Taurus Database: How to be Fast, Available, and Frugal in the Cloud

- November 08, 2025

This SIGMOD’20 paper presents TaurusDB, Huawei's disaggregated MySQL-based cloud database. TaurusDB refines the disaggregated architecture pioneered by Aurora and Socrates, and provides a simpler and cleaner separation of compute and storage.

In my writeup on Aurora, I discussed how "log is the database" approach reduces network load, since the compute primary only sends logs and the storage nodes apply them to reconstruct pages.
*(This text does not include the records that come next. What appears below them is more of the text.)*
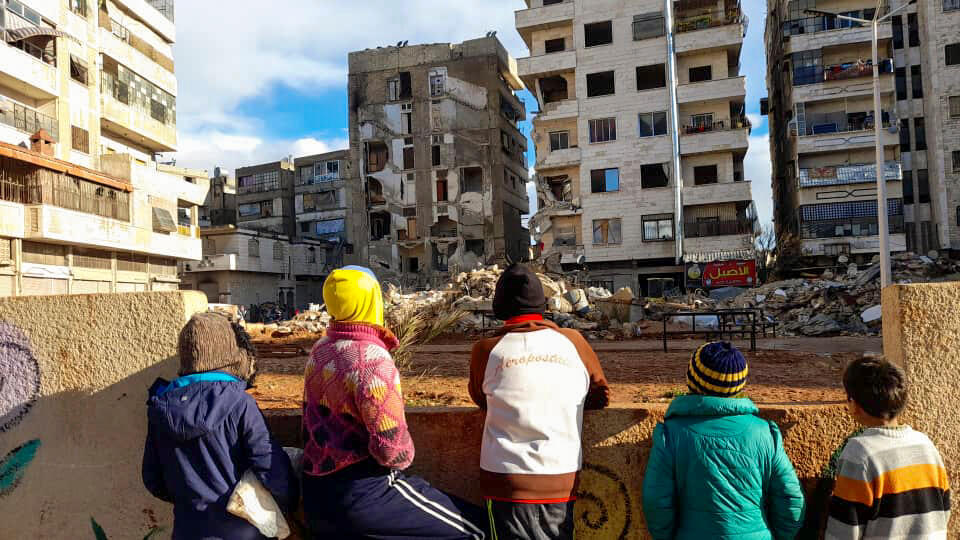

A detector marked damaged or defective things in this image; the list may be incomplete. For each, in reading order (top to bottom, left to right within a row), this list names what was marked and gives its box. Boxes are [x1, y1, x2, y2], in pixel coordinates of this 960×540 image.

broken window [580, 20, 612, 47]
broken window [632, 12, 664, 40]
broken window [540, 76, 568, 103]
broken window [584, 71, 616, 97]
broken window [636, 64, 668, 91]
broken window [688, 65, 712, 82]
damaged multi-story building [0, 0, 209, 296]
broken window [366, 141, 388, 173]
damaged multi-story building [348, 35, 532, 288]
broken window [462, 169, 484, 196]
broken window [548, 133, 568, 152]
broken window [584, 118, 616, 143]
broken window [588, 170, 620, 195]
damaged multi-story building [520, 1, 760, 296]
broken window [636, 111, 668, 137]
broken window [640, 162, 672, 188]
broken window [692, 165, 716, 186]
damaged multi-story building [768, 0, 960, 262]
broken window [374, 211, 392, 240]
broken window [592, 218, 624, 246]
broken window [644, 214, 676, 242]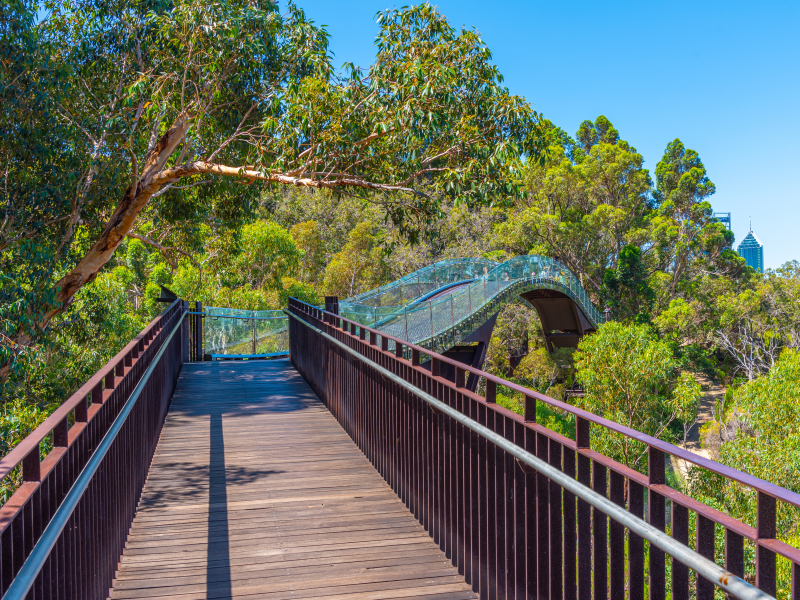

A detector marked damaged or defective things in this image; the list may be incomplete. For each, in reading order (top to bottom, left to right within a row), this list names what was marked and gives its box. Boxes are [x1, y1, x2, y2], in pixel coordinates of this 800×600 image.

rusted steel railing [0, 302, 186, 596]
rusted steel railing [288, 298, 800, 600]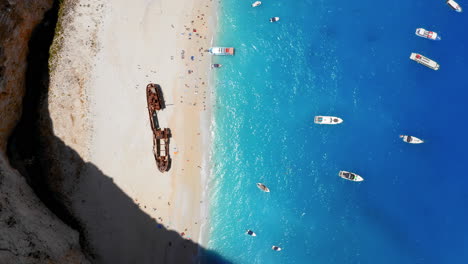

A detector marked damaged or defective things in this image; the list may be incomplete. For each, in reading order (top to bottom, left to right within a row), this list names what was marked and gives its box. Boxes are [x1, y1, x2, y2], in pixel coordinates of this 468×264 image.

rusted metal hull [147, 83, 171, 173]
rusty shipwreck hull [147, 83, 171, 173]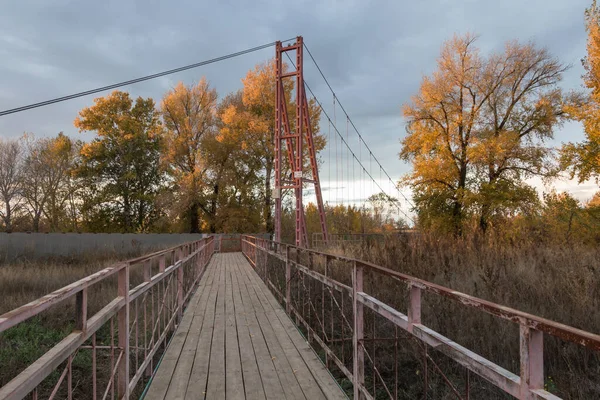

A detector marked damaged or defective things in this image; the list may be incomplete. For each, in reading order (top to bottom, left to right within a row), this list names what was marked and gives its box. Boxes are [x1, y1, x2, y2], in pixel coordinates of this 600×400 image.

rusty metal structure [274, 36, 326, 247]
rusty metal structure [0, 236, 216, 398]
rusty metal structure [241, 234, 600, 400]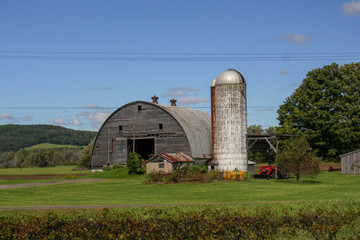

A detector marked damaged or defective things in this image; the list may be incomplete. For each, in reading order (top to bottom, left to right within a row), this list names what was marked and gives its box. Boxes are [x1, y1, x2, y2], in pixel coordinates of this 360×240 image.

rusted metal roof [159, 103, 212, 158]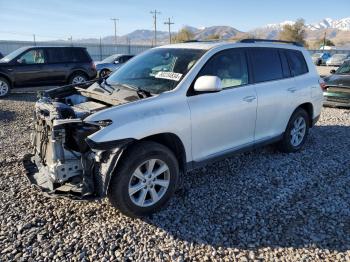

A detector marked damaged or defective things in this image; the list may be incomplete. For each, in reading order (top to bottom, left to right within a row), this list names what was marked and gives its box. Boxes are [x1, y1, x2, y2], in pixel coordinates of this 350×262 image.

damaged front end [23, 85, 135, 200]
But Aurora did conflate durability and availability somewhat and used quorum-based replication of six replicas for both logs and pages.

In my review of Socrates, I explained how Socrates (Azure SQL Cloud) separates durability and availability by splitting the system into four layers: compute, log, page, and storage. Durability (logs) ensures data is not lost after a crash. Availability (pages/storage) ensures data can still be served while some replicas or nodes fail. Socrates stores pages separately from logs to improve performance but the excessive layering introduces significant architectural overhead.

Taurus takes this further and uses different replication and consistency schemes for logs and pages, exploiting their distinct access patterns. Logs are append-only and used for durability. Log records are independent, so they can be written to any available Log Store nodes. As long as three healthy Log Stores exist, writes can proceed without quorum coordination. Pages, however, depend on previous versions. A Page Store must reconstruct the latest version by applying logs to old pages. To leverage this asymmetry, Taurus uses synchronous, reconfigurable replication for Log Stores to ensure durability, and asynchronous replication for Page Stores to improve scalability, latency, and availability.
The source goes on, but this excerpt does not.